Direct numerical simulation of turbulent flow over a modeled riblet covered surface

An immersed boundary technique is used to model a riblet covered surface on one wall of a channel bounding fully developed turbulent flow. The conjecture that the beneficial drag reduction effect of riblets is a result of the damping of cross-flow velocity fluctuations is then examined. This possibility has been discussed by others but is unverified. The damping effect is explicitly modelled by applying a cross-flow damping force field in elongated streamwise zones with a height and spacing corresponding to the riblet crests. The same trends are observed in the turbulence profiles above both riblet and damped surfaces, thus supporting cross-flow damping as a beneficial mechanism. It is found in the examples presented that the effect of the riblets on the mean flow field quantities (mean velocity profile, velocity fluctuations, Reynolds shear stress, and low–speed sreak spacing) is small.
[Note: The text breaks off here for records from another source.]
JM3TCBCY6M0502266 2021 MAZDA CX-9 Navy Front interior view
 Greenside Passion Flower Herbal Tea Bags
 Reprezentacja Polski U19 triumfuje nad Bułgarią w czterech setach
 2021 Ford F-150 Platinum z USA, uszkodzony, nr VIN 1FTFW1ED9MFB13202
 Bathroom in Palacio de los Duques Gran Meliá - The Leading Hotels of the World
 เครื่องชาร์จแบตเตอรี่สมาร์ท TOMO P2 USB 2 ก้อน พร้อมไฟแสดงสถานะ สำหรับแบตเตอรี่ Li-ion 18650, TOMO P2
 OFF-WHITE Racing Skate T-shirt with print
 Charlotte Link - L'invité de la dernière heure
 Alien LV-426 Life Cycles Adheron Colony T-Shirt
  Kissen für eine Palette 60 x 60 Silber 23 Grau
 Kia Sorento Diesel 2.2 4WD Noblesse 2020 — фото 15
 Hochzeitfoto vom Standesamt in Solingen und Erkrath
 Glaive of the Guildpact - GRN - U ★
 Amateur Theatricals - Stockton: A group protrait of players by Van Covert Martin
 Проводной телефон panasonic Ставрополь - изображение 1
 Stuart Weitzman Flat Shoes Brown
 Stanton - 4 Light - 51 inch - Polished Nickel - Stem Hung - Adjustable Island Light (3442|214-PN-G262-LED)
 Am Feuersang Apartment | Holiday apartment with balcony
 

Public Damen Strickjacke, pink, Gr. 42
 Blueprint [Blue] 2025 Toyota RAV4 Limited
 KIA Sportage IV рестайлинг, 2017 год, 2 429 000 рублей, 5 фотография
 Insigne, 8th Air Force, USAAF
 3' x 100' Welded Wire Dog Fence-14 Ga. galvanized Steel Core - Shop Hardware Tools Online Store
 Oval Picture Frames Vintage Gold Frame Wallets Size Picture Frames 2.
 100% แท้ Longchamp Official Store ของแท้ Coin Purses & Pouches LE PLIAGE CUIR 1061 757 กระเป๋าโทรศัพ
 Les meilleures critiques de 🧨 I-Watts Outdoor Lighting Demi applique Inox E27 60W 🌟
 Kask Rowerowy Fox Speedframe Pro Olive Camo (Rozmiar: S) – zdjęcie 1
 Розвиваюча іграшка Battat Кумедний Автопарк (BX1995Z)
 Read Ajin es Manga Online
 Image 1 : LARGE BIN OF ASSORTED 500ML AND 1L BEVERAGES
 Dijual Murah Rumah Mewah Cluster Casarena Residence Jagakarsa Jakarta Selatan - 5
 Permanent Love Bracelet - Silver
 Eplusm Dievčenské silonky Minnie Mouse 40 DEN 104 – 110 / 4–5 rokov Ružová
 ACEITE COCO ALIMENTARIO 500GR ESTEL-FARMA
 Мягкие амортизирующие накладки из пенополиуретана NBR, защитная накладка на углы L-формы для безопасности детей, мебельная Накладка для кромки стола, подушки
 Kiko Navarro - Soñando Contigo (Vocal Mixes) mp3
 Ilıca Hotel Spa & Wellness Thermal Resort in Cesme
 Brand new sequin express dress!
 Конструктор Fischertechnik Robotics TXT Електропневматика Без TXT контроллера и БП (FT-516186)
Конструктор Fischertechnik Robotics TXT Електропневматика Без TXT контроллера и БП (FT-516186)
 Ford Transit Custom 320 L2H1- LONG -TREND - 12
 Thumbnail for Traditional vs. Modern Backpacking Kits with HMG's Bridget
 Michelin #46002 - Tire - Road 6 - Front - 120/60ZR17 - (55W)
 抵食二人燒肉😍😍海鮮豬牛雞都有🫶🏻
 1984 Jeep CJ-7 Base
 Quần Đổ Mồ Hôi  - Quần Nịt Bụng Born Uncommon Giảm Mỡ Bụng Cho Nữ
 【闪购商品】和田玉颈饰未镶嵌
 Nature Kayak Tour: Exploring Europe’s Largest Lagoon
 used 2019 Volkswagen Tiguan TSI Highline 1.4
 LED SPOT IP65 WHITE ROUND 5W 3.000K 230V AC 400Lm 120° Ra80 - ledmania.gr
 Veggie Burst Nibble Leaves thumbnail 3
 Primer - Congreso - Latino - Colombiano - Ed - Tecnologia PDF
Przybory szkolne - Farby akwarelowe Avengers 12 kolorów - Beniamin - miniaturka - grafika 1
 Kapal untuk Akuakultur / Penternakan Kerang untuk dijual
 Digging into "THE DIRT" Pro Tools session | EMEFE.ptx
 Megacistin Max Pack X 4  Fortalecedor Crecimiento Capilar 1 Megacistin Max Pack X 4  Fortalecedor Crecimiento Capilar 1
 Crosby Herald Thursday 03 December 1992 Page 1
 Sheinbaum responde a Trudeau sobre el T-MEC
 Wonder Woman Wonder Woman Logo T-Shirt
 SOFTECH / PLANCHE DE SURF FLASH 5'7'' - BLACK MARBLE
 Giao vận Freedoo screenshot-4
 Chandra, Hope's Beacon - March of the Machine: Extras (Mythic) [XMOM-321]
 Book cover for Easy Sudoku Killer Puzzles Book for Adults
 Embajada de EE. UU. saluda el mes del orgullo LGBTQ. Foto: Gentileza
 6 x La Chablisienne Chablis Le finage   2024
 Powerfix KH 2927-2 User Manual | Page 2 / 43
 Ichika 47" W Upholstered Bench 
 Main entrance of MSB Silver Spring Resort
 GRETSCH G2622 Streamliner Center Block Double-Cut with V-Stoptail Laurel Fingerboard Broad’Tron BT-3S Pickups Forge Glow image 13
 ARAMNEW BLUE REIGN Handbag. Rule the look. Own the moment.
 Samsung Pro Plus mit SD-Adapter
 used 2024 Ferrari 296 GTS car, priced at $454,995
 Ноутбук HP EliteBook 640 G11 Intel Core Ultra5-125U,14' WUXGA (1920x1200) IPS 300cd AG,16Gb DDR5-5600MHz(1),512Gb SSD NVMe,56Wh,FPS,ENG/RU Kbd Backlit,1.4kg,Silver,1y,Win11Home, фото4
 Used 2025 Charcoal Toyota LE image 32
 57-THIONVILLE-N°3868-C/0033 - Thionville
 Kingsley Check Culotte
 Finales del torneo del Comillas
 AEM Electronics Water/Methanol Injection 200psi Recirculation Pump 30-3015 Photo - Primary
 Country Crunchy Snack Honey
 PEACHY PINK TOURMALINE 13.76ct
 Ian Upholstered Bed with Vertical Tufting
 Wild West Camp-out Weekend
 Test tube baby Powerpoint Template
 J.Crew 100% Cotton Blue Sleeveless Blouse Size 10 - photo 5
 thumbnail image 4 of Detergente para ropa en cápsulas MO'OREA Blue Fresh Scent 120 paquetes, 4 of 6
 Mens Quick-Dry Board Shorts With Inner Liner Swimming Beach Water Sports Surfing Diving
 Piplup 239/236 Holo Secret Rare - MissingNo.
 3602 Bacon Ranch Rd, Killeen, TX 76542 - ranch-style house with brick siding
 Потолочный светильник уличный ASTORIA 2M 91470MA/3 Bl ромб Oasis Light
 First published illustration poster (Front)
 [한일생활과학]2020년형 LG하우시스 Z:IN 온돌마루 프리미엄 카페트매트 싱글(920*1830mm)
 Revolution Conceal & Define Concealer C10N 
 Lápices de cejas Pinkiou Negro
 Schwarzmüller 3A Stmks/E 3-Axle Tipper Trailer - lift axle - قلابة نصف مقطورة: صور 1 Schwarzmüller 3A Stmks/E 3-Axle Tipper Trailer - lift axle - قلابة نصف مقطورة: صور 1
The riblests cause a relatively small drag reduction of about 4%, a figure that is in rough agreement with experiments and other computations. The simulations also suggest a mechanism for the observed displacement of the turbulence quantities away from the wall. The immersed boundary technique used to model the riblets consists of creating an externally imposed spatially localized body force which opposes the flow velocity and creates a riblet-like surface. For unstead viscous flow the calculation of the force is done with a feedback scheme in which the velocity is used to iteratively determine the desired value. In particular, the surface body force is determined by the relation f ( x s , t ) = α ∫ t 0 U ( x s , t ′)d t ′ + β U ( x s , t ) for surface points x s , velocity U time t and negative constants α and β. All simulations are done with a spectral code in a single computational domain without any mapping of the mesh. The combination of the immersed boundary and spectral techniques can potentially be used to solve other problems having complex geometry and flow physics.